11. He says, “You do not know that you are wretched”: that is to say, they were in a sad and undesirable state; there was nothing about those who could please God, and nothing about those who would have pleased themselves if they had seen things in a true light. “You are wretched.” Oh, what a change from the distorting reflection of self-flattery to the clear mirror of truth! How these men who had need of nothing are shown up when Christ begins to describe them! They seem to need everything.

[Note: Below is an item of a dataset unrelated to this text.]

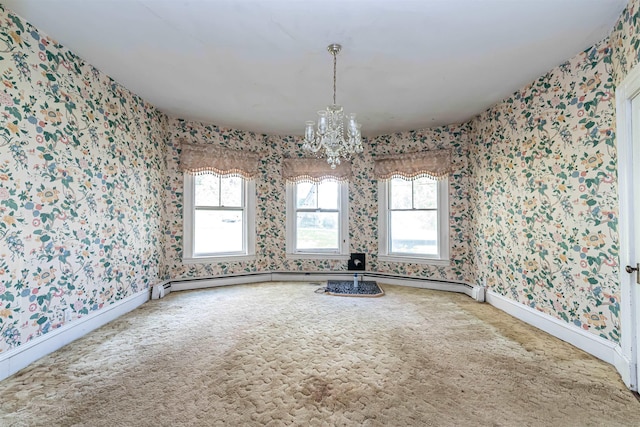 unfurnished dining area featuring wallpapered walls, plenty of natural light, and a notable chandelier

12. The next word, “miserable,” conveys the same idea to us in the English, but the original had better, perhaps, have been translated “pitiable.” There was nothing about them to admire, but everything to pity; for everything that seemed to be good was really false; everything that was apparently useful was a mere matter of display. As Jesus Christ looked at Laodicea he said of the church, “Pitiable! Pitiable!” He does not use fine expressions towards this respectable church, this church with so much wealth and so much strength, does he? He does not flatter it, for he says of it, first, “Wretched!” and then “Pitiable!”

13. Then he goes on to say, “Poor!” — poor in the choice things in which they thought they were rich; they thought they had so much grace, but he says they have extremely little, and calls them “poor.” Oh, but they had such riches of faith! “No,” he says, “poor!” Oh, but they had such abundance of energy. “No,” he says, “that is only a pretence. They are poor.” He searches the members through, and looks into their hearts, where their precious things are stored up, and he says of them all, “Poor.” There is a sense in which the Lord cries, “Blessed are you poor,” but these were poor in quite another sense. Think of it! Here are a people who were “rich and increased with goods, and had need of nothing,” and yet the verdict of the Saviour is, “They are poor!”

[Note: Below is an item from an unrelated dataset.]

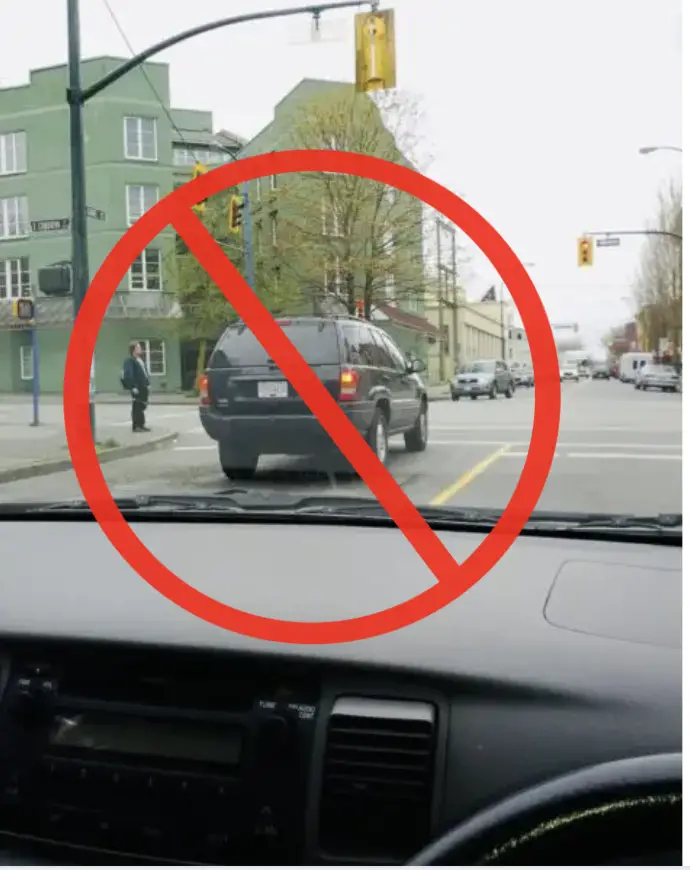 car stopped on the wrong side of the yellow road lines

14. And then he goes on to say they are “blind.” Blind? Why, they had among them men of the greatest possible discernment, who could see as far into a millstone as any people: they were able to split hairs over points of doctrine, and they had discernment of spirits, so they thought, and could tell who was and who was not sincere; but Jesus Christ says, — they have no discernment, they are “blind.” They are not merely short-sighted and weak in the eyes, but altogether blind. And notice, this is no exaggeration: it is not a harsh speech meant to sting them into repentance, but the “Amen, the faithful and true witness” says this calmly and deliberately, and says it about that admirable church of Laodicea concerning which we heard so much when we began our discourse; they were poor and blind.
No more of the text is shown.